『青銅の騎士』 プーシキン(ロシア名作ライブラリー)

青銅の騎士 (ロシア名作ライブラリー)青銅の騎士 (ロシア名作ライブラリー)

書名:青銅の騎士 モーツァルトとサリエーリほか
著者:アレクサンドル・プーシキン
訳者:郡 伸哉
出版社:群像社
ページ数:189

おすすめ度:★★★★




表題作のほかに、『モーツァルトとサリエーリ』、『石の客』などから成る戯曲集『小さな悲劇』を合わせて訳出したのが本書『青銅の騎士』である。
『青銅の騎士』はプーシキンの物語詩の中では代表的なものに数えられるし、小品を集めた『小さな悲劇』も、モーツァルトの毒殺説やドン・ファン伝説といったたいていの読者が強く引き付けられるテーマを扱っているので、プーシキンの戯曲や物語詩の方面に興味のある方には非常にお勧めだ。

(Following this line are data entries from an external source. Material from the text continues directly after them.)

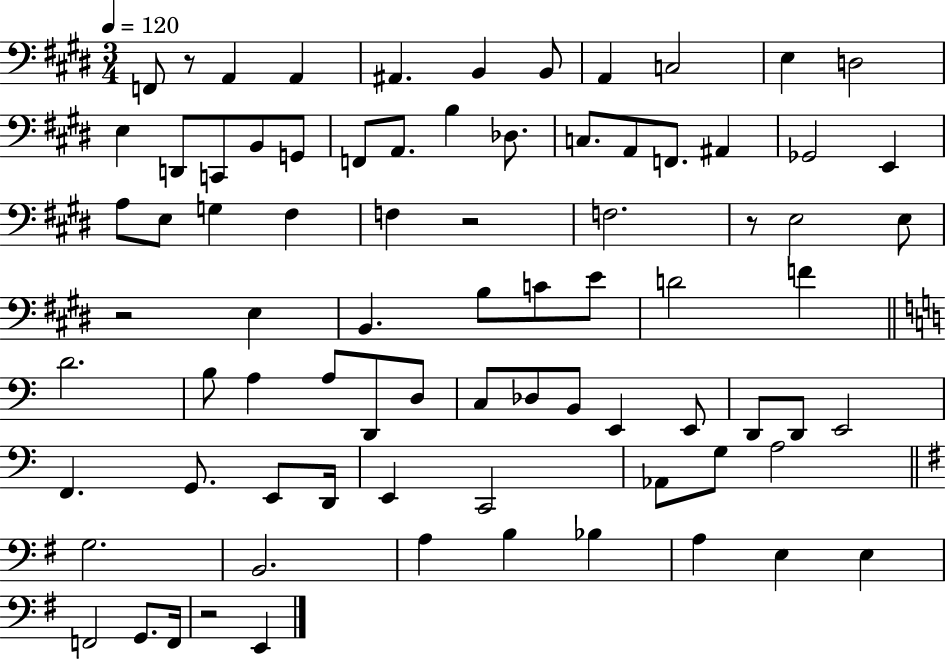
F2/e R/e A2/q A2/q A#2/q. B2/q B2/e A2/q C3/h E3/q D3/h E3/q D2/e C2/e B2/e G2/e F2/e A2/e. B3/q Db3/e. C3/e. A2/e F2/e. A#2/q Gb2/h E2/q A3/e E3/e G3/q F#3/q F3/q R/h F3/h. R/e E3/h E3/e R/h E3/q B2/q. B3/e C4/e E4/e D4/h F4/q D4/h. B3/e A3/q A3/e D2/e D3/e C3/e Db3/e B2/e E2/q E2/e D2/e D2/e E2/h F2/q. G2/e. E2/e D2/s E2/q C2/h Ab2/e G3/e A3/h G3/h. B2/h. A3/q B3/q Bb3/q A3/q E3/q E3/q F2/h G2/e. F2/s R/h E2/q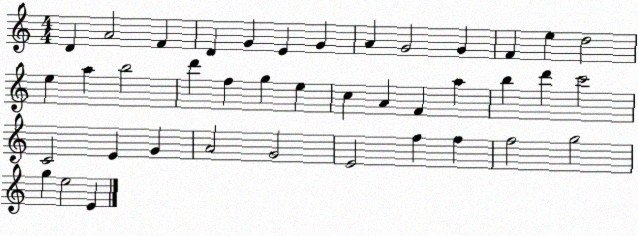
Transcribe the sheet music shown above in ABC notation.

X:1
T:Untitled
M:4/4
L:1/4
K:C
D A2 F D G E G A G2 G F e d2 e a b2 d' f g e c A F a b d' c'2 C2 E G A2 G2 E2 f f f2 g2 g e2 E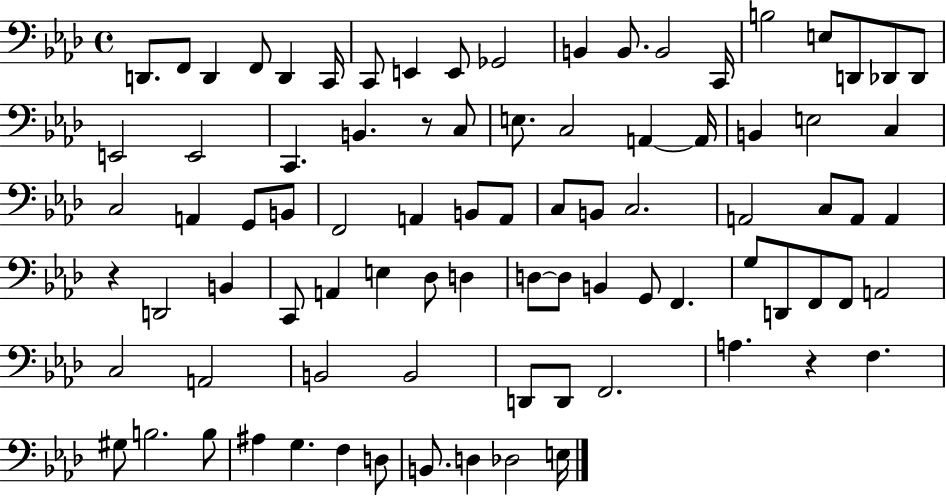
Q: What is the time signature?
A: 4/4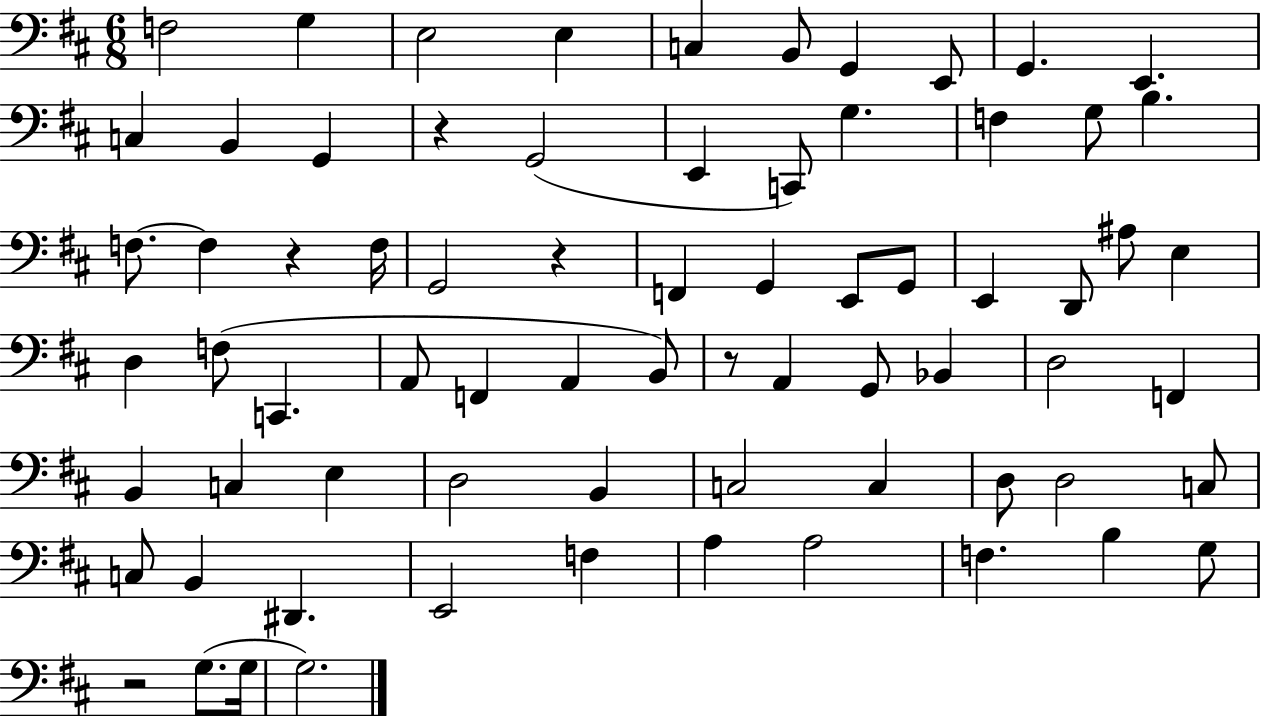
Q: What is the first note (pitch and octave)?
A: F3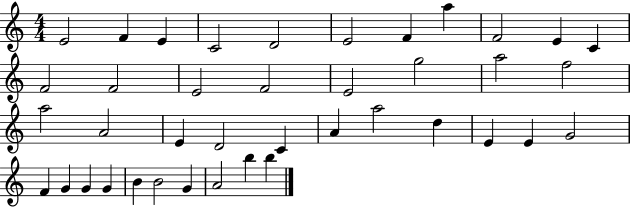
E4/h F4/q E4/q C4/h D4/h E4/h F4/q A5/q F4/h E4/q C4/q F4/h F4/h E4/h F4/h E4/h G5/h A5/h F5/h A5/h A4/h E4/q D4/h C4/q A4/q A5/h D5/q E4/q E4/q G4/h F4/q G4/q G4/q G4/q B4/q B4/h G4/q A4/h B5/q B5/q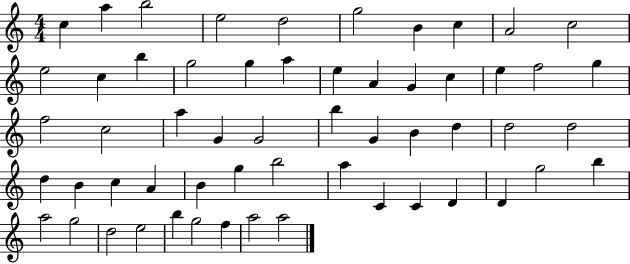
C5/q A5/q B5/h E5/h D5/h G5/h B4/q C5/q A4/h C5/h E5/h C5/q B5/q G5/h G5/q A5/q E5/q A4/q G4/q C5/q E5/q F5/h G5/q F5/h C5/h A5/q G4/q G4/h B5/q G4/q B4/q D5/q D5/h D5/h D5/q B4/q C5/q A4/q B4/q G5/q B5/h A5/q C4/q C4/q D4/q D4/q G5/h B5/q A5/h G5/h D5/h E5/h B5/q G5/h F5/q A5/h A5/h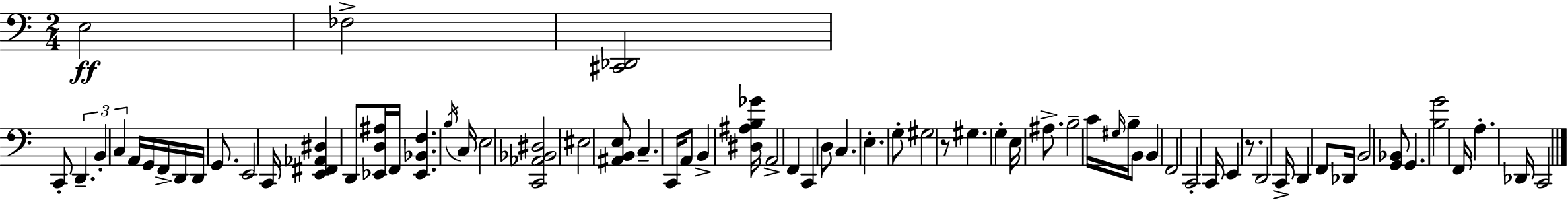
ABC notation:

X:1
T:Untitled
M:2/4
L:1/4
K:Am
E,2 _F,2 [^C,,_D,,]2 C,,/2 D,, B,, C, A,,/4 G,,/4 F,,/4 D,,/4 D,,/4 G,,/2 E,,2 C,,/4 [E,,^F,,_A,,^D,] D,,/2 [_E,,D,^A,]/4 F,,/4 [_E,,_B,,F,] B,/4 C,/4 E,2 [C,,_A,,_B,,^D,]2 ^E,2 [^A,,B,,E,]/2 C, C,,/4 A,,/2 B,, [^D,^A,B,_G]/4 A,,2 F,, C,, D,/2 C, E, G,/2 ^G,2 z/2 ^G, G, E,/4 ^A,/2 B,2 C/4 ^G,/4 B,/4 B,,/2 B,, F,,2 C,,2 C,,/4 E,, z/2 D,,2 C,,/4 D,, F,,/2 _D,,/4 B,,2 [G,,_B,,]/2 G,, [B,G]2 F,,/4 A, _D,,/4 C,,2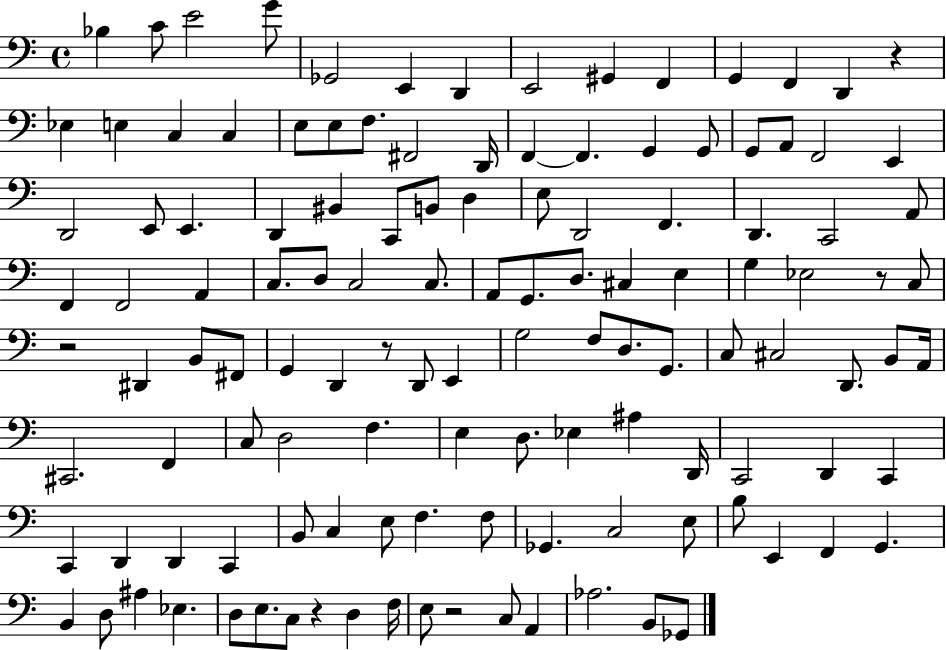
X:1
T:Untitled
M:4/4
L:1/4
K:C
_B, C/2 E2 G/2 _G,,2 E,, D,, E,,2 ^G,, F,, G,, F,, D,, z _E, E, C, C, E,/2 E,/2 F,/2 ^F,,2 D,,/4 F,, F,, G,, G,,/2 G,,/2 A,,/2 F,,2 E,, D,,2 E,,/2 E,, D,, ^B,, C,,/2 B,,/2 D, E,/2 D,,2 F,, D,, C,,2 A,,/2 F,, F,,2 A,, C,/2 D,/2 C,2 C,/2 A,,/2 G,,/2 D,/2 ^C, E, G, _E,2 z/2 C,/2 z2 ^D,, B,,/2 ^F,,/2 G,, D,, z/2 D,,/2 E,, G,2 F,/2 D,/2 G,,/2 C,/2 ^C,2 D,,/2 B,,/2 A,,/4 ^C,,2 F,, C,/2 D,2 F, E, D,/2 _E, ^A, D,,/4 C,,2 D,, C,, C,, D,, D,, C,, B,,/2 C, E,/2 F, F,/2 _G,, C,2 E,/2 B,/2 E,, F,, G,, B,, D,/2 ^A, _E, D,/2 E,/2 C,/2 z D, F,/4 E,/2 z2 C,/2 A,, _A,2 B,,/2 _G,,/2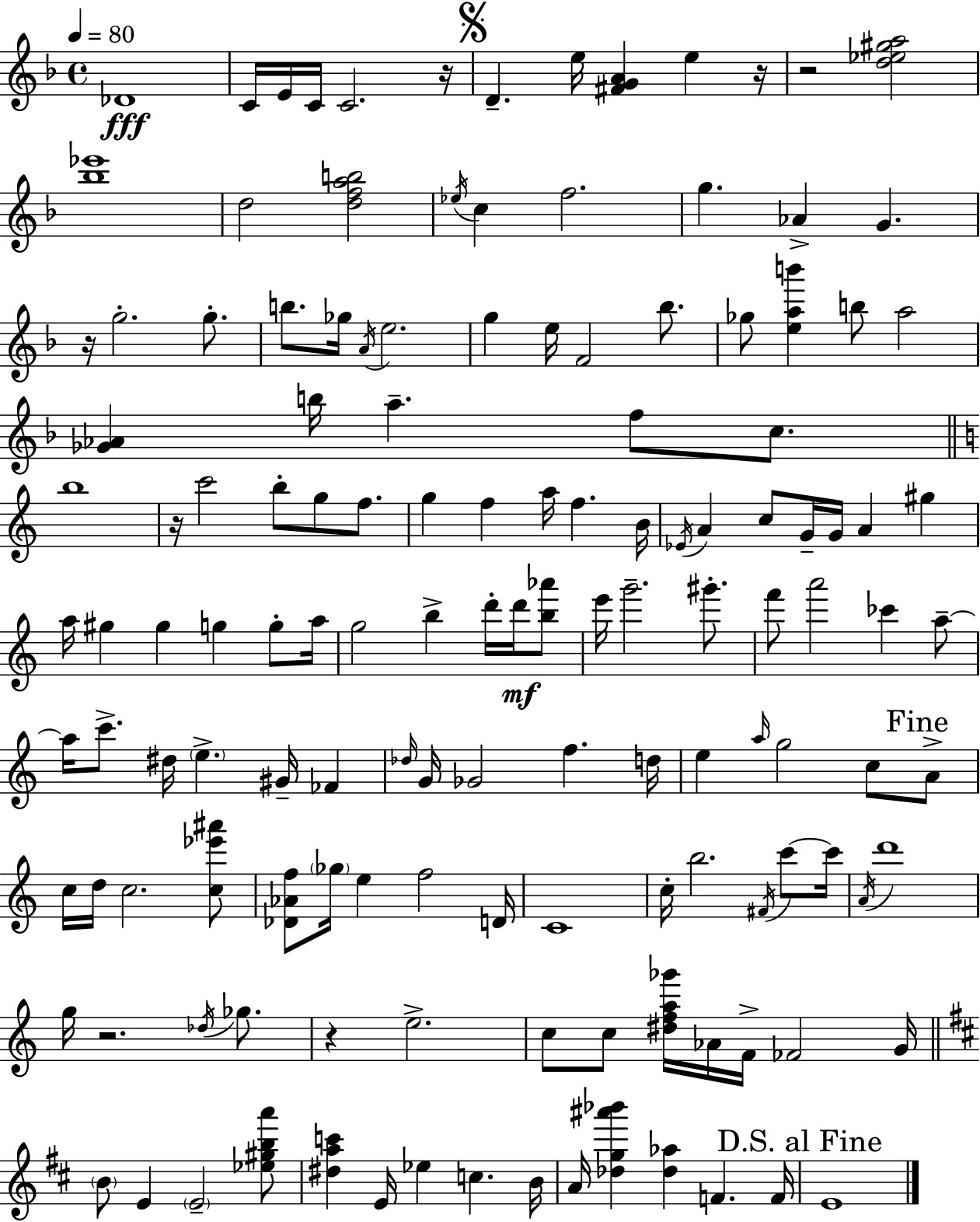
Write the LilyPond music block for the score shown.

{
  \clef treble
  \time 4/4
  \defaultTimeSignature
  \key d \minor
  \tempo 4 = 80
  \repeat volta 2 { des'1\fff | c'16 e'16 c'16 c'2. r16 | \mark \markup { \musicglyph "scripts.segno" } d'4.-- e''16 <fis' g' a'>4 e''4 r16 | r2 <d'' ees'' gis'' a''>2 | \break <bes'' ees'''>1 | d''2 <d'' f'' a'' b''>2 | \acciaccatura { ees''16 } c''4 f''2. | g''4. aes'4-> g'4. | \break r16 g''2.-. g''8.-. | b''8. ges''16 \acciaccatura { a'16 } e''2. | g''4 e''16 f'2 bes''8. | ges''8 <e'' a'' b'''>4 b''8 a''2 | \break <ges' aes'>4 b''16 a''4.-- f''8 c''8. | \bar "||" \break \key a \minor b''1 | r16 c'''2 b''8-. g''8 f''8. | g''4 f''4 a''16 f''4. b'16 | \acciaccatura { ees'16 } a'4 c''8 g'16-- g'16 a'4 gis''4 | \break a''16 gis''4 gis''4 g''4 g''8-. | a''16 g''2 b''4-> d'''16-. d'''16\mf <b'' aes'''>8 | e'''16 g'''2.-- gis'''8.-. | f'''8 a'''2 ces'''4 a''8--~~ | \break a''16 c'''8.-> dis''16 \parenthesize e''4.-> gis'16-- fes'4 | \grace { des''16 } g'16 ges'2 f''4. | d''16 e''4 \grace { a''16 } g''2 c''8 | \mark "Fine" a'8-> c''16 d''16 c''2. | \break <c'' ees''' ais'''>8 <des' aes' f''>8 \parenthesize ges''16 e''4 f''2 | d'16 c'1 | c''16-. b''2. | \acciaccatura { fis'16 } c'''8~~ c'''16 \acciaccatura { a'16 } d'''1 | \break g''16 r2. | \acciaccatura { des''16 } ges''8. r4 e''2.-> | c''8 c''8 <dis'' f'' a'' ges'''>16 aes'16 f'16-> fes'2 | g'16 \bar "||" \break \key b \minor \parenthesize b'8 e'4 \parenthesize e'2-- <ees'' gis'' b'' a'''>8 | <dis'' a'' c'''>4 e'16 ees''4 c''4. b'16 | a'16 <des'' g'' ais''' bes'''>4 <des'' aes''>4 f'4. f'16 | \mark "D.S. al Fine" e'1 | \break } \bar "|."
}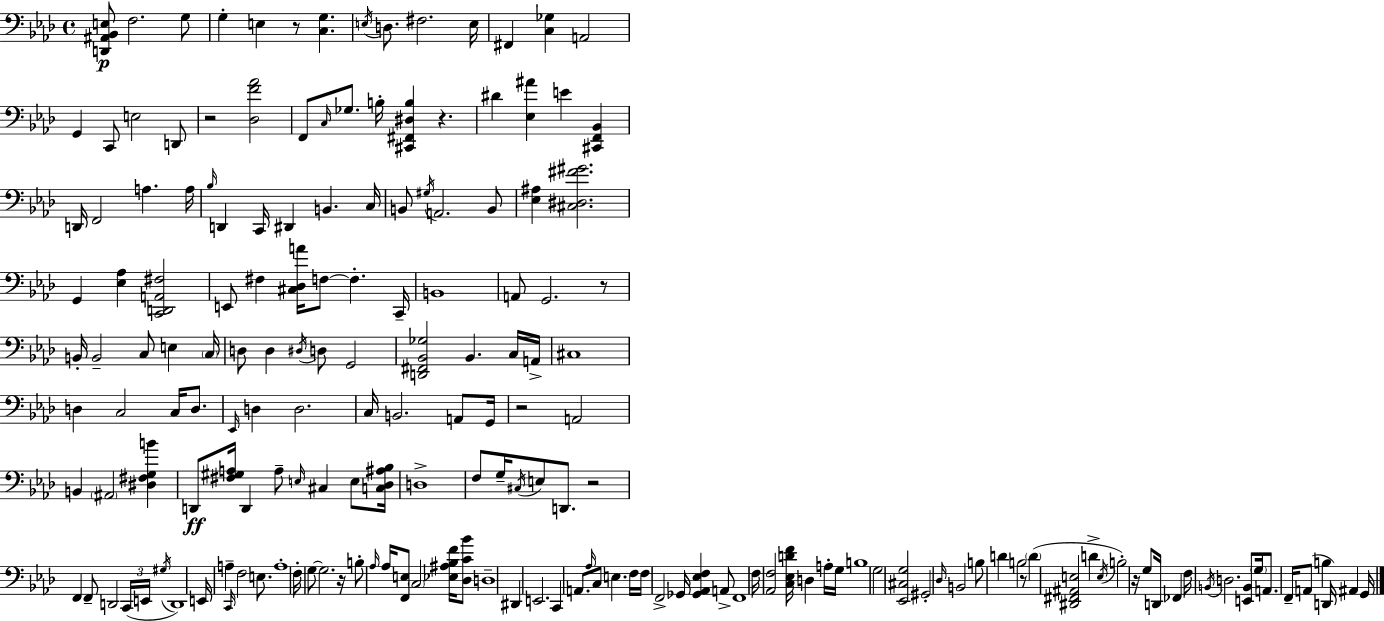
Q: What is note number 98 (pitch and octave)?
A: G3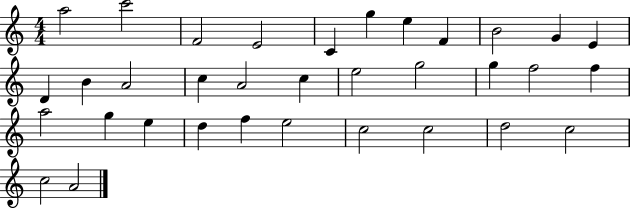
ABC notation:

X:1
T:Untitled
M:4/4
L:1/4
K:C
a2 c'2 F2 E2 C g e F B2 G E D B A2 c A2 c e2 g2 g f2 f a2 g e d f e2 c2 c2 d2 c2 c2 A2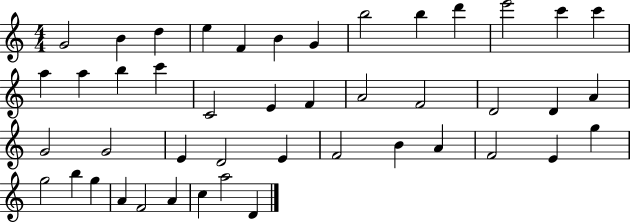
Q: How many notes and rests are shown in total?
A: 45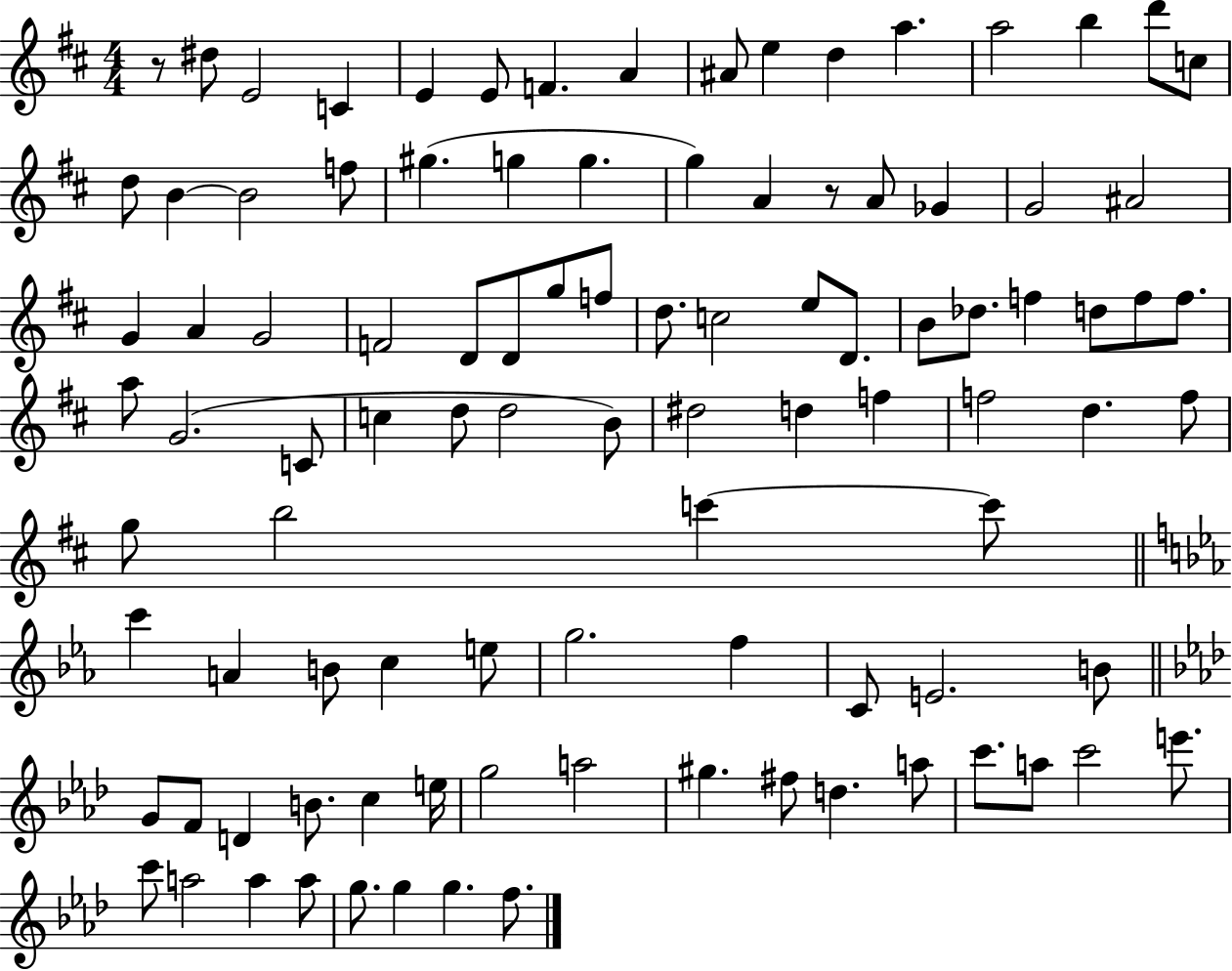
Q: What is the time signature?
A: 4/4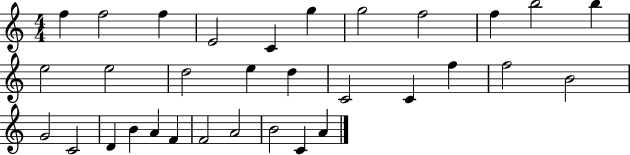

「青銅の騎士」とは、サンクト・ペテルブルグの建設者であるピョートル大帝の騎馬像を指している。
大規模な洪水が頻発するという、地理的には決して都市を構えるのに好適ではない位置に築き上げられたペテルブルグの、洪水にまつわる悲しい物語が『青銅の騎士』である。
相手が騎馬像とはいえ、今は亡き皇帝の姿をかたどったものであるから、詩人がその騎士に対して言及する際にも、厳しい検閲の目にさらされていたプーシキンの筆に自由奔放さを望むことはできないが、悲哀の色調は見事に描き出されていて十分読み応えがある。

プーシキンが生前にまとめて出版したというわけではないにせよ、慣例として『小さな悲劇』と呼ばれている作品群は、『モーツァルトとサリエーリ』、『ペスト蔓延下の宴』、『けちな騎士』、『石の客』の4編から成っている。
『モーツァルトとサリエーリ』はモーツァルトの毒殺疑惑をテーマにしたもの、『ペスト蔓延下の宴』はそのタイトルのとおりペストが流行する下で遊び呆ける人々を描いたもの、『けちな騎士』は金銭がらみの親子の不和を主題としたもの。
そして『石の客』は伝説的なスペインの遊蕩貴族ドン・ファンを扱ったもので、モリエールの『ドン・ジュアン』と合わせて読まれることを強くお勧めしたい作品だ。
いずれも数十ページという短いものなのでさらりと読み終わってしまうが、おそらく読者はすべての悲劇に共通する諧調のようなものを感じ取り、しみじみとした気持ちにさせられるのではなかろうか。

『青銅の騎士』はかつて岩波文庫からも出されていたが、訳文も少々古く、まして新品は流通していないのが現状だ。
その点、これまであまり読みやすいかたちで訳出されることのなかった『小さな悲劇』と合わせて一冊になっている本書は、プーシキンに興味のある方には歓迎される本であるに違いない。